„Wtedy Apostołowie zebrali się u Jezusa i opowiedzieli Mu wszystko, co zdziałali i czego nauczali. A On rzekł do nich: «Pójdźcie wy sami osobno na miejsce pustynne i wypocznijcie nieco!». Tak wielu bowiem przychodziło i odchodziło, że nawet na posiłek nie mieli czasu. Odpłynęli więc łodzią na miejsce pustynne, osobno. Lecz widziano ich odpływających. Wielu zauważyło to i zbiegli się tam pieszo ze wszystkich miast, a nawet ich uprzedzili. Gdy Jezus wysiadł, ujrzał wielki tłum. Zlitował się nad nimi, byli bowiem jak owce nie mające pasterza. I zaczął ich nauczać” (Mk 6, 30-34).
Scena z dzisiejszej Ewangelii rozpoczyna się od dzielenia doświadczeniami duchowymi. Uczniowie wrócili z pracy misyjnej i dzielą się jej przebiegiem, owocami, trudnościami. Jezus zna dobrze trud tej pracy, związanej ze zmęczeniem i nierzadko odrzuceniem i dlatego chce, by uczniowie odpoczęli na pustynnym miejscu. Jest czas na apostolstwo, ale również czas na wypoczynek z innymi i czas na samotność i modlitwę.
Uczniowie odpoczywają obok osoby Jezusa. Odpoczynek to powrót do źródeł, to możliwość przebywania z Jezusem, cieszenia się Jego bliskością, słuchania Go, doświadczania Jego akceptacji, przyjaźni, miłości, uczestniczenia w Jego planach. To właśnie obok Jezusa uczeń odzyskuje siły, uczy się, aby potem na nowo móc służyć innym.
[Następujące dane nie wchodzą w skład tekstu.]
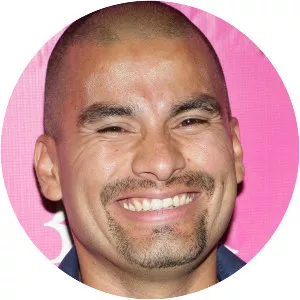 Daniel Moncada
Uczniowie niedługo mogli cieszyć się odpoczynkiem. Za chwilę zbiega się spragniony słowa Bożego lud. Uczniowie będą teraz uczestniczyć w trosce i miłosierdziu Jezusa. Będą służyć, pozwalając innym wypoczywać przy Jezusie. Odpoczynek w Chrystusie jest nie tylko dla nas. Mamy poznawać Chrystusa, uczyć się Go, towarzyszyć Mu, odzwierciedlać Go w swoim życiu, a nawet stawać się „Chrystusem dla innych”.
Zanim uczniowie mogli odpocząć dotarł do nich wielki tłum ze wszystkich miast. Tłum ludzi, który słyszał o Jezusie, pragnie Go zobaczyć, dotknąć, usłyszeć. W Ewangelii wyczuwa się dreszcz pewnego pospiechu, ale jest to wyjątkowy pospiech, znacznie różniący się od naszej obsesyjnej i bezsensownej gonitwy (B. Maggioni). Marek porównuje tłum ludzi pospiesznie podążający za Jezusem do owiec bez pasterza. Są słabi, bezradni, niespokojni, zagrożeni, potrzebujący nie tylko zdrowia, ale także kierunku i sensu i proszą otwarcie o pomoc.
Na widok tłumu ludzi, Jezus zlitował się nad nimi. Słowo litość nie ma jednak znaczenia pejoratywnego. Oznacza raczej „wzruszył się”, albo jeszcze mocniej – „wzburzyły się Jego wnętrzności, wzburzyło się Jego serce”. To słowo odnosi się do łona, do miłości matczynej. Jezus kocha jak matka, bezinteresownie. Lituje się nad potrzebującymi, rozmawia z nimi, naucza, uzdrawia, karmi. Bierze ich w opiekę, spełnia ich oczekiwania. Dzieli się z nimi nie tylko pokarmem, ale również słowem, swoim czasem, Sobą. Bóg w Jezusie jest Bogiem cierpiącym wraz z ludźmi, którzy są w potrzebie.
Dlaczego dziś znów przychodzę do Jezusa? Czego od Niego teraz oczekuję? Jakiego pouczenia pragnę? Czy moje dotychczasowe doświadczenia spotkań z Jezusem zostawiły jakiś głębszy ślad? Czy moje serce wzrusza się i lituje? Czy współczuję ludziom, którzy cierpią, ludziom z marginesu, będącym w nędzy duchowej czy potrzebie materialnej? Jaki rodzaj służby powinienem bardziej praktykować: duchowy czy materialny?